_Exercise goal_
Find and copy each line in the material below where the string "Mens" occurs.

- Opening Delimiter -

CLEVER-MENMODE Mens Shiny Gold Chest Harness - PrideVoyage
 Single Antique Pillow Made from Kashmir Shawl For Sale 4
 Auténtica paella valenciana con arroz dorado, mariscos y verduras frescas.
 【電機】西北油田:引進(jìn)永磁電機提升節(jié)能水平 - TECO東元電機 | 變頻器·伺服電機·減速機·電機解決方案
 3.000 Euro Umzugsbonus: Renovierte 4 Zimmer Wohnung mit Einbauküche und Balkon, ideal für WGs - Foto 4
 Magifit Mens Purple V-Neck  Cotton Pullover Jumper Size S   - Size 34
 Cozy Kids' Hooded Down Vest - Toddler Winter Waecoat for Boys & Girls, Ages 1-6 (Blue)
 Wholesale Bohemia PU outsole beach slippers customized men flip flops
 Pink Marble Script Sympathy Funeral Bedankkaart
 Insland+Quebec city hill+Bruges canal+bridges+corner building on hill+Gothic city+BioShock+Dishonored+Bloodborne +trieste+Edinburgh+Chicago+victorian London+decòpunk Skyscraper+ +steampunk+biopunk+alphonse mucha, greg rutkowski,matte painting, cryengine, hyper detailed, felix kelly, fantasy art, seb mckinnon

- Closing Delimiter -

_Response box_
CLEVER-MENMODE Mens Shiny Gold Chest Harness - PrideVoyage
 Magifit Mens Purple V-Neck  Cotton Pullover Jumper Size S   - Size 34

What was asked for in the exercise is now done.